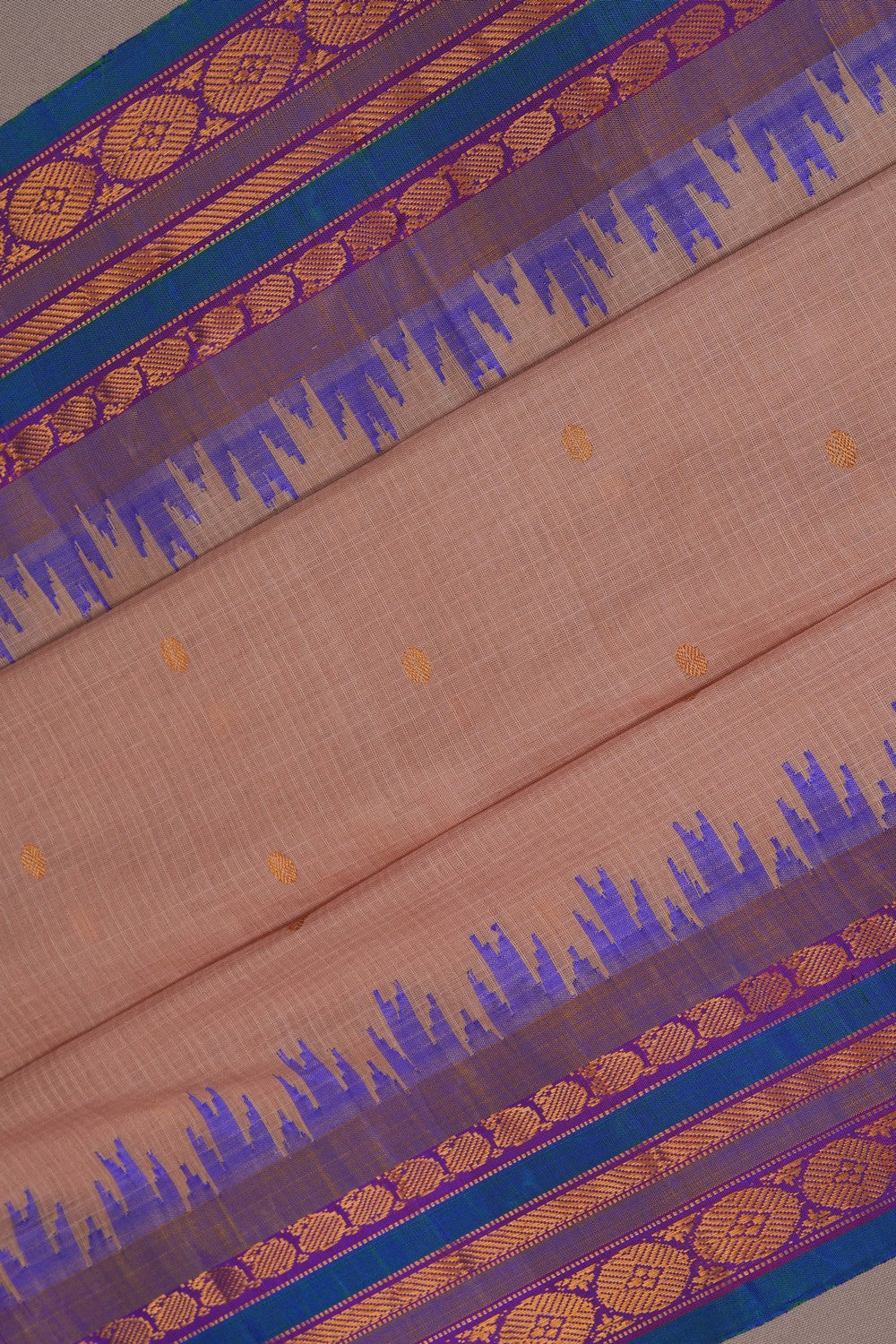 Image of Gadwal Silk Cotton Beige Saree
==
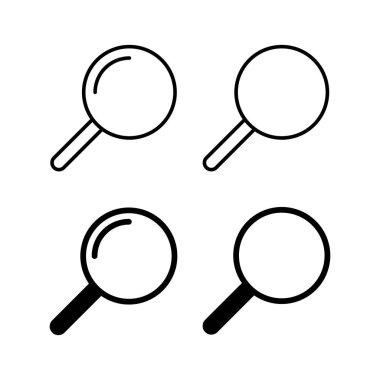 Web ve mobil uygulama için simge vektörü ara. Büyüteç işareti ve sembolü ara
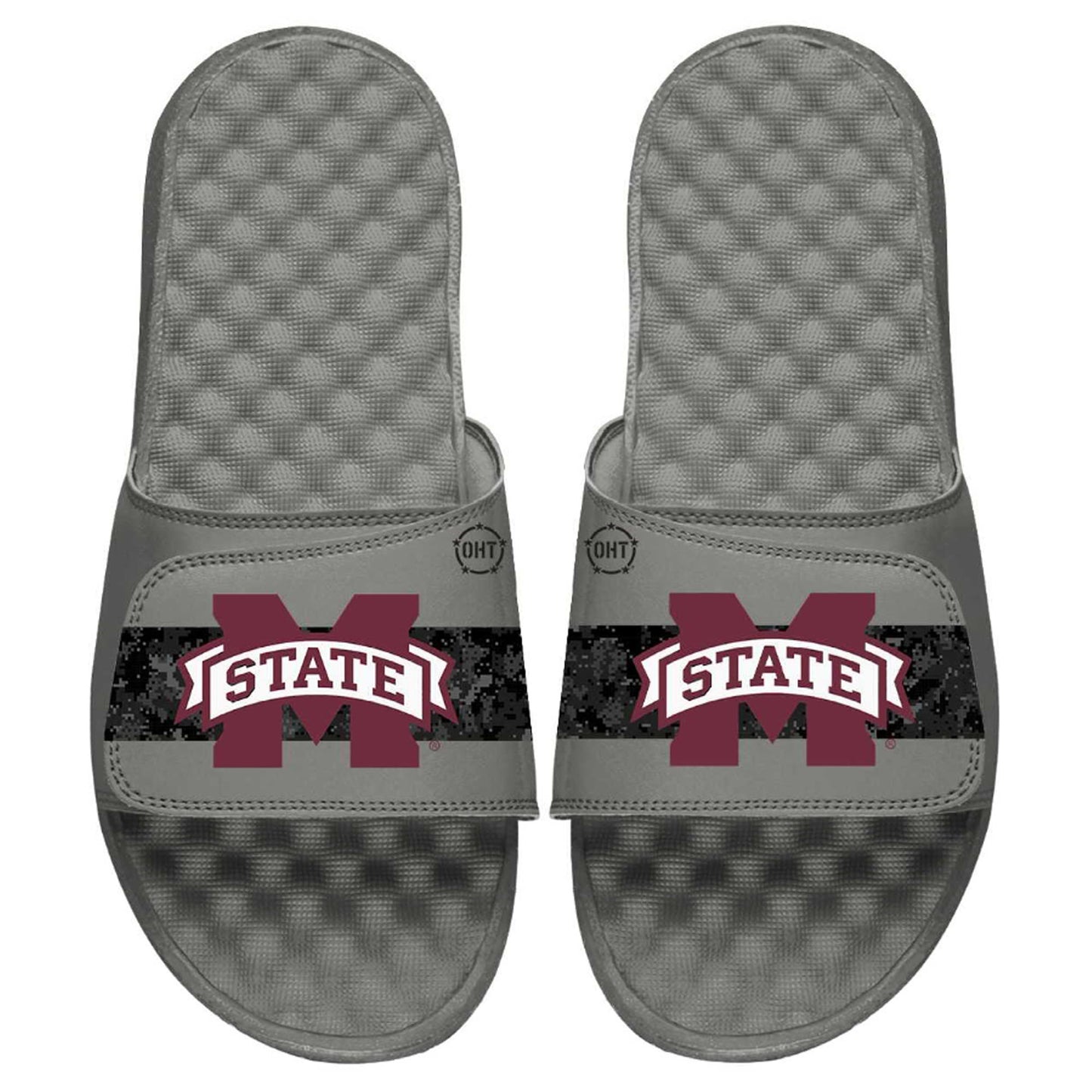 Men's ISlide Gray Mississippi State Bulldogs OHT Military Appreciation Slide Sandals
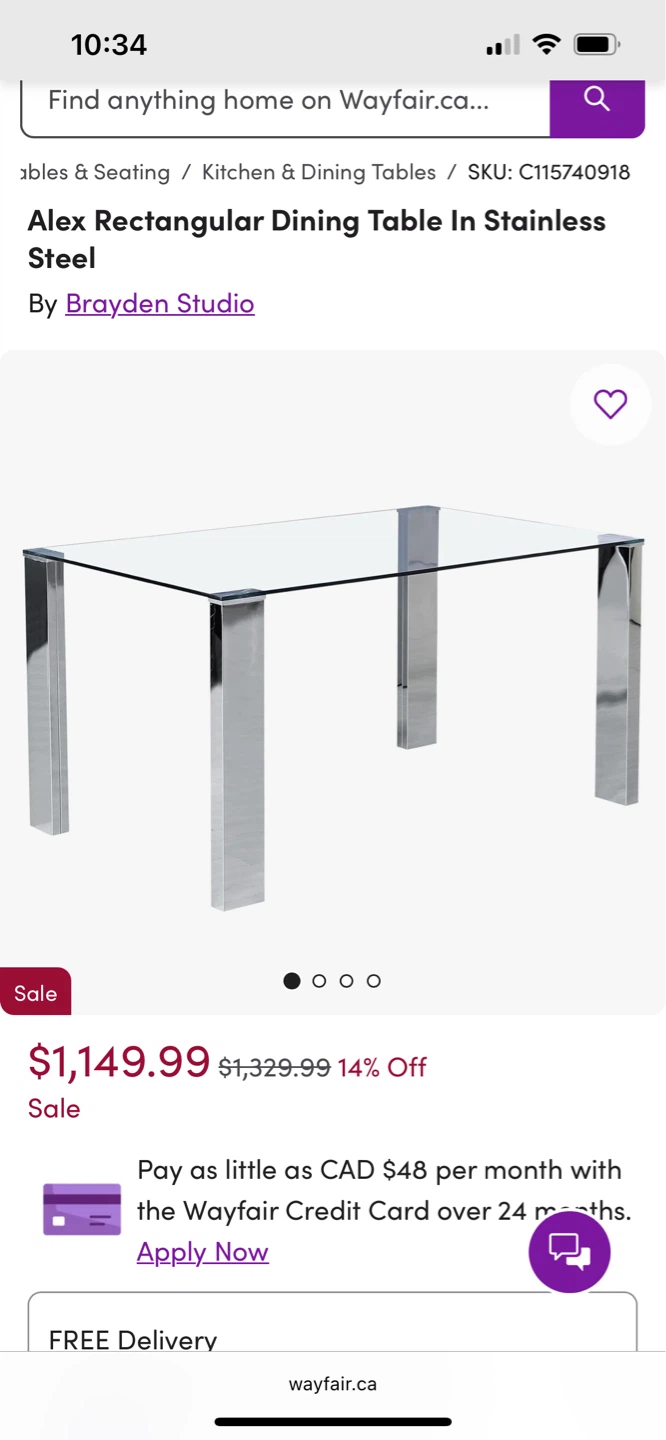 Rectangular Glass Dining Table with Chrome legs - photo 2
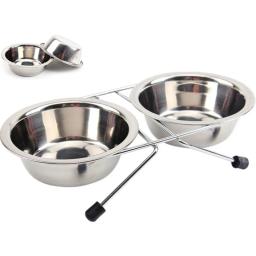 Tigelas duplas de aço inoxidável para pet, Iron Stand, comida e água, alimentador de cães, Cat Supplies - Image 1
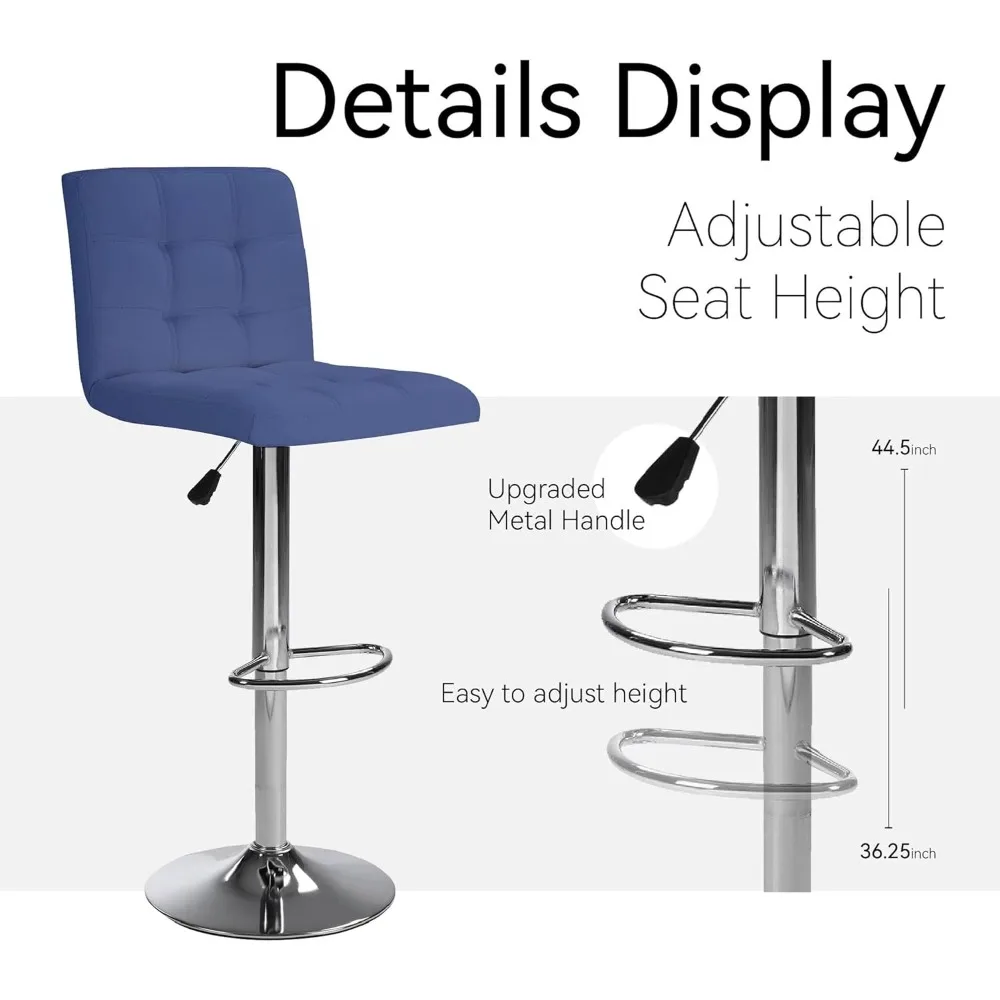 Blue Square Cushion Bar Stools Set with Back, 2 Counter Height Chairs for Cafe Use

◆ ABOUT THIS TASK
Pictures are to be left out. Write out only the lines above starting at the one with "Web ve mobil" and ending at the one with "Blue Square Cushion", both lines included, exactly.

◆ SOLUTION TO THE EXERCISE
 Web ve mobil uygulama için simge vektörü ara. Büyüteç işareti ve sembolü ara
 Men's ISlide Gray Mississippi State Bulldogs OHT Military Appreciation Slide Sandals
 Rectangular Glass Dining Table with Chrome legs - photo 2
 Tigelas duplas de aço inoxidável para pet, Iron Stand, comida e água, alimentador de cães, Cat Supplies - Image 1
 Blue Square Cushion Bar Stools Set with Back, 2 Counter Height Chairs for Cafe Use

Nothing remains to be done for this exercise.